悋気の独楽 まとめ

あらすじ[編集]

ある商店の主人が、外出したまま家に帰ってこないので、主人の妻は「内緒で妾を囲っているのでは」と、気が気でない。「旦那(だん)さん知らんか?」と奉公人たちに訊いてまわるが、的の外れた返事ばかりを返されて要領を得ない。からかわれていると感じ、泣き出す妻に対し、女中のお松(あるいは、お竹、お清など)が「丁稚の定吉が旦那さんのお供をしとります」と密告し、自身の離婚経験を語りつつ、「御寮人(ごりょん)さん、一遍、旦那さんにおっしゃらな(言うべきことは言わないと)あきまへんで」とけしかける。
その頃、主人とともに妾宅に付いた定吉は、主人に「わしここに泊るから店に帰れ。うちの者(妻)には、ここのこと言うたらアカンで。何せ、えらく悋気強い(嫉妬深い)さかいな」と釘を刺され、得意先で碁の相手をしている、と嘘をつくように吹き込まれ、店に帰される。
帰った定吉は、店の本妻に対し、吹きこまれたとおり嘘をつく。本妻は「そうか、まあ御苦労はんやったさかいにな」と言って、定吉に薯蕷饅頭(じょうよまんじゅう)を与える。うまそうに食べる定吉に対し、本妻は「そのオマン(饅頭)の中には、熊野の牛王さん入ったある。嘘ついたら血ィ吐いて死ぬで」と脅す。「わて、旦那さんに五十銭もろた義理がおます」「あんた、たったの五十銭のために死んでええのんか? わたい(私)は(定吉が本当のことを言えば)一円あげます」定吉はやりこめられる。
定吉は、死ぬかもしれない怖さと一円ほしさで、主人に妾がいることや、妾宅の所在地を白状する。そのとき本妻は、定吉が懐に3つのコマを持っているのを見つける。定吉によると、これは主人がそれぞれコマを本妻、妾、主人に見立て、回した主人のコマが、本妻・妾どちらのコマに当たったかで泊まる家を決めるのに使うものであるという。定吉がコマを回すと、主人のコマは妾のコマに当たった。本妻はヒステリー状態に陥る。
「まあ、悔しやの。
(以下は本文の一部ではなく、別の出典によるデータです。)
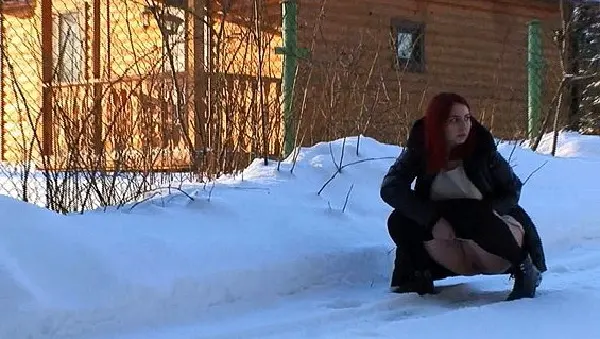 Girls piss in the cold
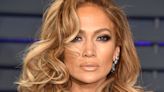 JLo and her doppelgänger just did a synchronised makeup routine and it’s scary how alike they look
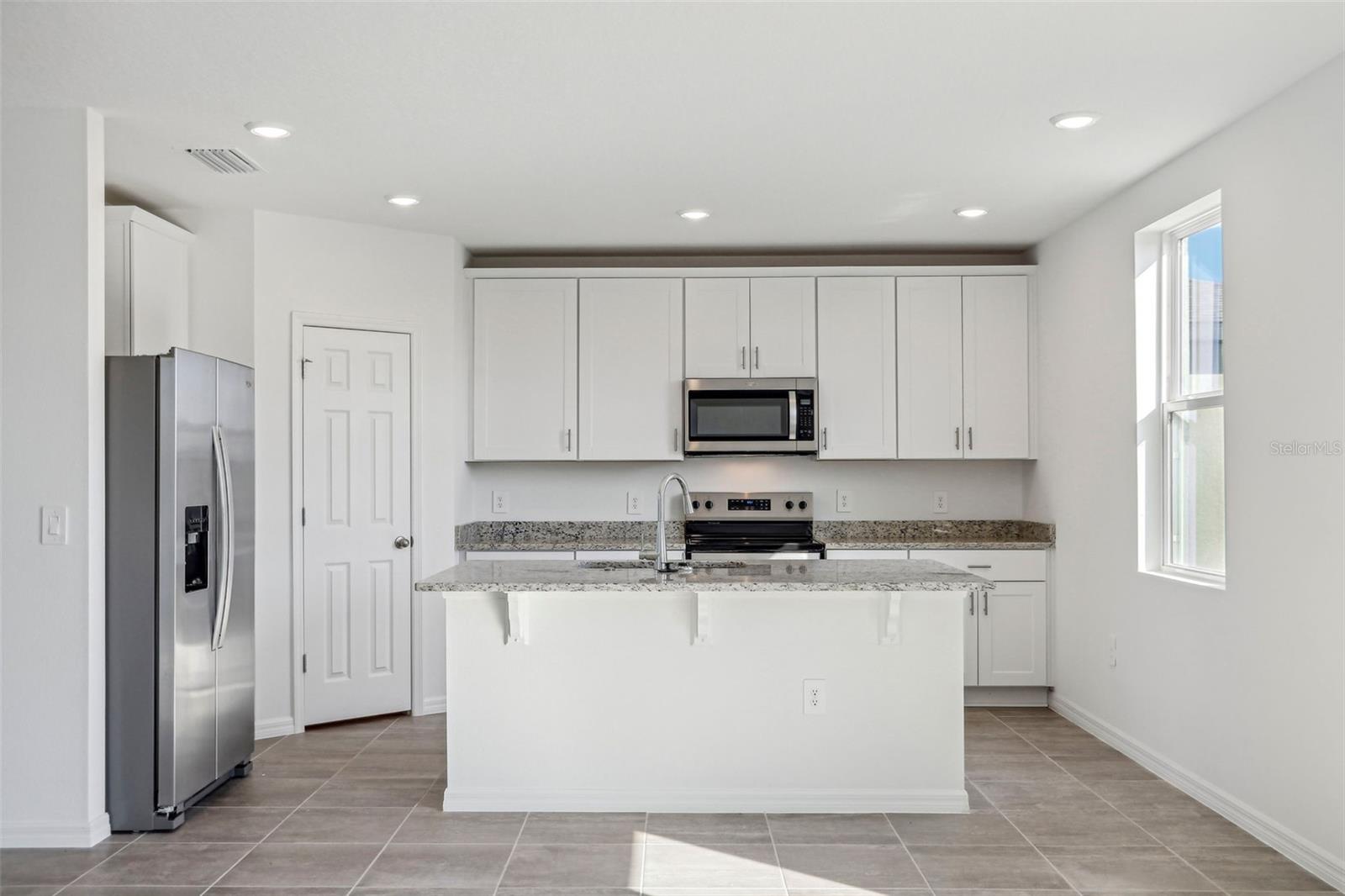 2462 LEEDS ST, HAINES CITY, FL, 33844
定吉、一遍回しなはれ……キイー、腹の立つ。定吉! もう一遍やんなはれ」定吉は何度もコマを廻すが、主人のコマはどうしても妾のコマに当たってしまう。
「あ、御寮人さん、こら、あきまへんわ」「なんでやの?」「へえ、肝心のしんぼう(心棒/辛抱)が狂うてます」

感想
女性の悋気(嫉妬)をテーマにした噺。
嫉妬している女性が怖いけどかわいい。